Article Text
Abstract
Objectives Nutrition impact symptoms (NIS) are associated with weight loss (WL), and decreased energy intake in cross-sectional studies. We aimed to ascertain associations between changes in NIS burden, energy intake and WL over time in patients with advanced cancer.
Methods Adult patients from an observational radiotherapy study for painful bone metastases self-reported NIS and WL using the Patient-Generated Subjective Global Assessment tool (PG-SGA) at baseline and week eight (W8). NIS burden, the sum of NIS per patient, categorised as 0, 1–2 and ≥3 with changes defined as 2-point differences from baseline to W8 were used. Energy intake was assessed by 24-hour recall interviews.
Results 111 patients (72.1%) were analysed and grouped by NIS burden; 0 NIS (44.1%), 1–2 NIS (30.6%) and ≥3 NIS (25.2%). Patients with NIS burden of ≥3 reported higher baseline WL compared with those with 1–2 or 0 NIS (46.4% vs 18.2% vs 10.2%, respectively, p=0.002).

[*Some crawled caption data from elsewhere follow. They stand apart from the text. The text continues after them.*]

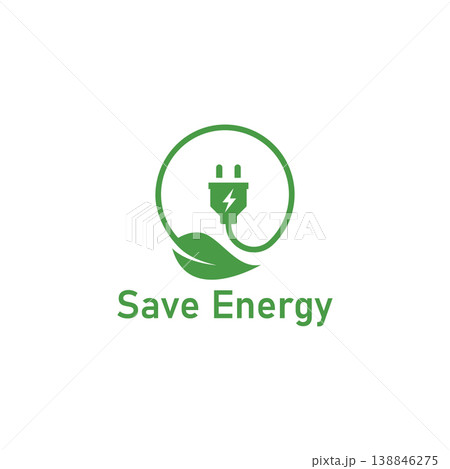Save energy symbol. Energy icon with green leaf. Eco friendly environmentally icons. Save energy logo label icon badge sticker symbol banner circle stamp line vector isolated illustration. Save energy symbol. Energy icon with green leaf. Eco friendly environmentally icons. Save energy logo label icon badge sticker symbol banner circle stamp line vector isolated illustration. 138846275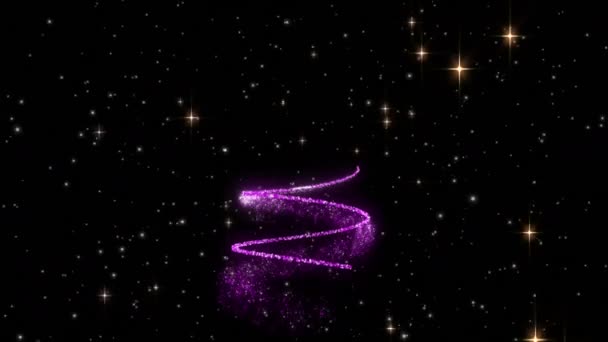 Animación Palabra Diwali Árbol Navidad Dibujado Una Línea Púrpura Brillante — Vídeo de stock
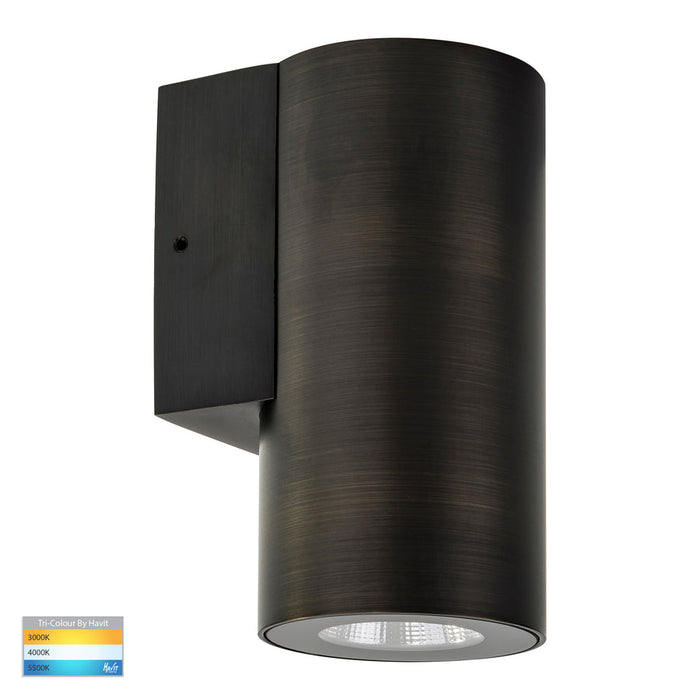 Aries TRI Colour LED Fixed Down Wall Light 316 Stainless Steel with Antique Brass Finish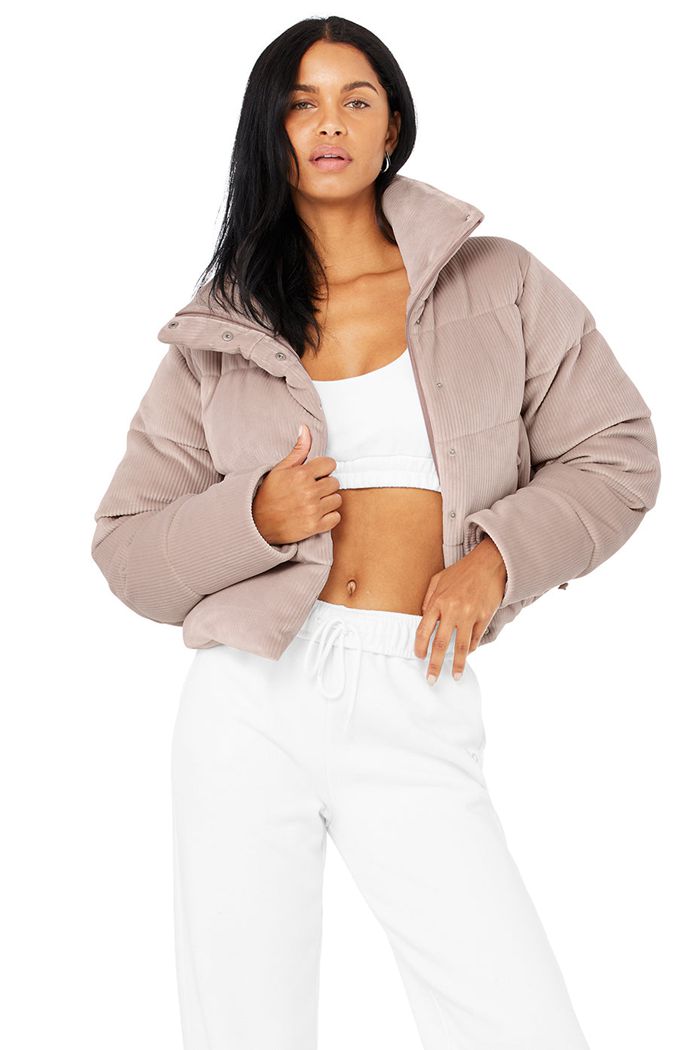 Alo Yoga Ribbed Velour Gold Rush Puffer Jacka Dam Rosa | 6185732-UN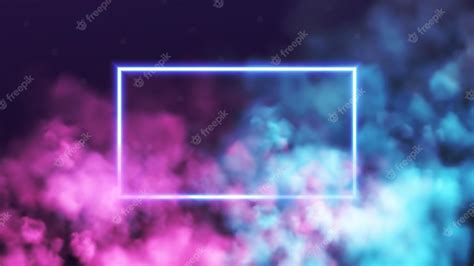 Абстрактный прямоугольник неоновая рамка на фоне розового и синего дыма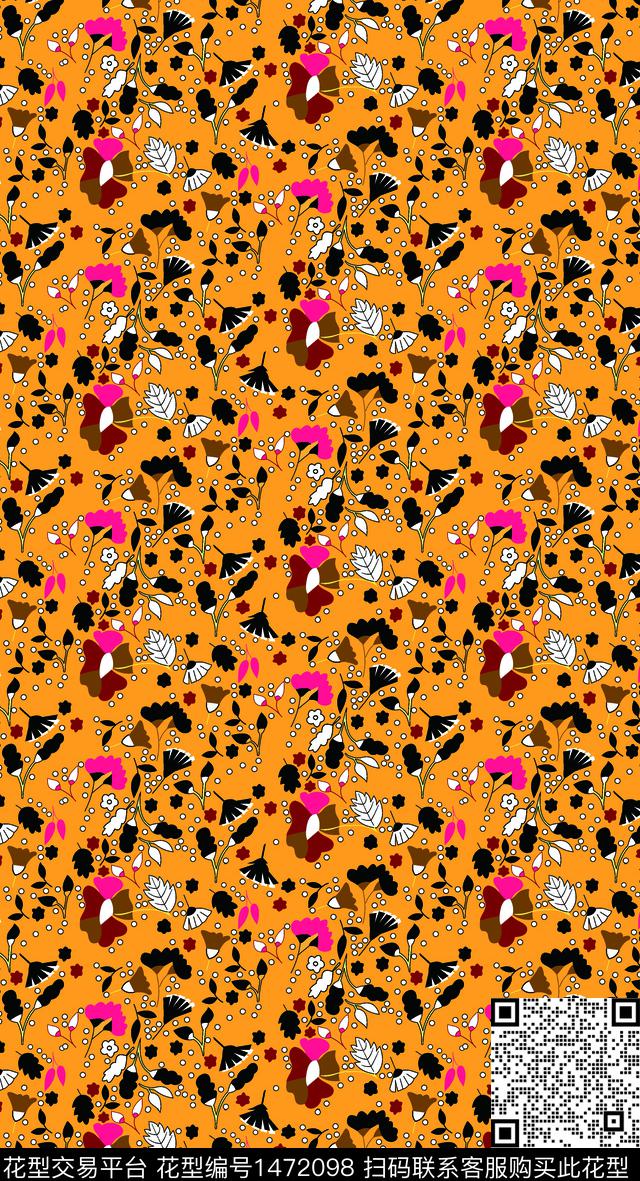 小碎花花卉裙数码印花华亿平台下载（图片编号: 1472098） - 瓦栏（Walan）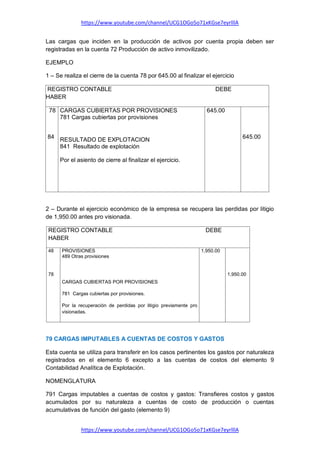 https://www.youtube.com/channel/UCG1OGo5o71xKGse7eyrlllA
https://www.youtube.com/channel/UCG1OGo5o71xKGse7eyrlllA
Las cargas que inciden en la producción de activos por cuenta propia deben ser
registradas en la cuenta 72 Producción de activo inmovilizado.
EJEMPLO
1 – Se realiza el cierre de la cuenta 78 por 645.00 al finalizar el ejercicio
REGISTRO CONTABLE DEBE
HABER
78
84
CARGAS CUBIERTAS POR PROVISIONES
781 Cargas cubiertas por provisiones
RESULTADO DE EXPLOTACION
841 Resultado de explotación
Por el asiento de cierre al finalizar el ejercicio.
645.00
645.00
2 – Durante el ejercicio económico de la empresa se recupera las perdidas por litigio
de 1,950.00 antes pro visionada.
REGISTRO CONTABLE DEBE
HABER
48
78
PROVISIONES
489 Otras provisiones
CARGAS CUBIERTAS POR PROVISIONES
781 Cargas cubiertas por provisiones.
Por la recuperación de perdidas por litigio previamente pro
visionadas.
1,950.00
1,950.00
79 CARGAS IMPUTABLES A CUENTAS DE COSTOS Y GASTOS
Esta cuenta se utiliza para transferir en los casos pertinentes los gastos por naturaleza
registrados en el elemento 6 excepto a las cuentas de costos del elemento 9
Contabilidad Analítica de Explotación.
NOMENGLATURA
791 Cargas imputables a cuentas de costos y gastos: Transfieres costos y gastos
acumulados por su naturaleza a cuentas de costo de producción o cuentas
acumulativas de función del gasto (elemento 9)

At W8, 21 patients (19%) reported improved NIS burden, accompanied by a lower proportion of severe (≥5%) new-onset WL (19% vs 42.1%) and higher energy intake (median 29.6 vs 21.2 kcal/kg) than those with worsened NIS burden (17.1%).
Conclusions NIS management may improve energy intake and prevent WL, emphasising the importance of systematic follow-up and interventions.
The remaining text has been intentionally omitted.